Tucson Electric Power (TEP) serves the Tucson metro area and surrounding communities — Oro Valley, Marana, Sahuarita, and parts of Green Valley. If you're a TEP customer considering solar, the export credit structure matters enormously to your savings calculation, and TEP's rate is the lowest of the three major Arizona utilities.
This guide covers TEP's current net billing structure, which rate plans work best for solar, and strategies to maximize savings given TEP's specific rate design. For a broader view of all Arizona solar incentives, see our complete Arizona solar incentives guide. For Tucson-specific pricing, see our Tucson solar cost guide.
TEP Territory: Are You a TEP Customer?
TEP serves most of Tucson, including:
- Central and south Tucson
- Oro Valley and Marana (northern suburbs)
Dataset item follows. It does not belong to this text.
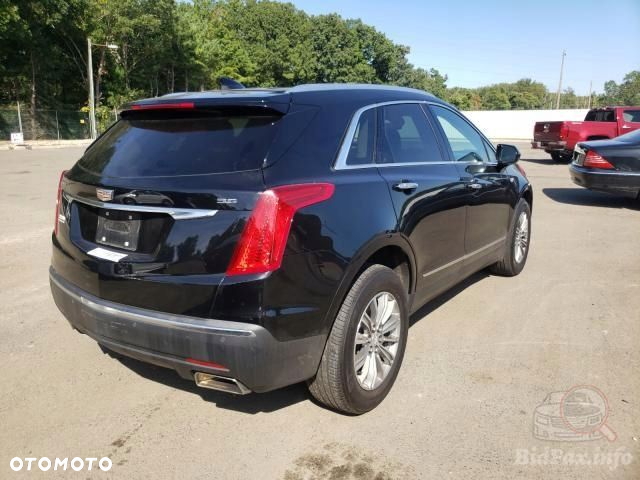 Ćwiartka Tylna Prawa Cadillac XT5 2017 - 4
- Sahuarita and Green Valley (south)
- Parts of Vail and Rincon Valley (east)
Some Tucson-area homes are served by other utilities including Trico Electric Cooperative (rural areas) or UNS Electric. Check your utility bill to confirm TEP is your provider.
TEP's Solar Export Rate (Net Billing)
TEP moved from true net metering to a net billing model following Arizona Corporation Commission (ACC) decisions. Under the current structure:
- Export credit rate: Approximately $0.057/kWh for electricity sent to the TEP grid
- Retail rate: Approximately $0.13/kWh for electricity you draw from TEP
- Gap: You earn about 44 cents for every dollar's worth of electricity you export — making self-consumption the primary value driver
| Utility | Export Rate | Retail Rate | Export/Retail Ratio |
|---|---|---|---|
| APS | ~$0.068/kWh | ~$0.15/kWh | 45% |
| SRP | ~$0.065/kWh | ~$0.14/kWh | 46% |
| TEP | ~$0.057/kWh | ~$0.13/kWh | 44% |
TEP's retail rate is lower than APS's ($0.13 vs. $0.15), which reduces total savings per kWh self-consumed. However, Tucson's excellent solar resource (similar sun hours to Phoenix) helps offset this with strong production.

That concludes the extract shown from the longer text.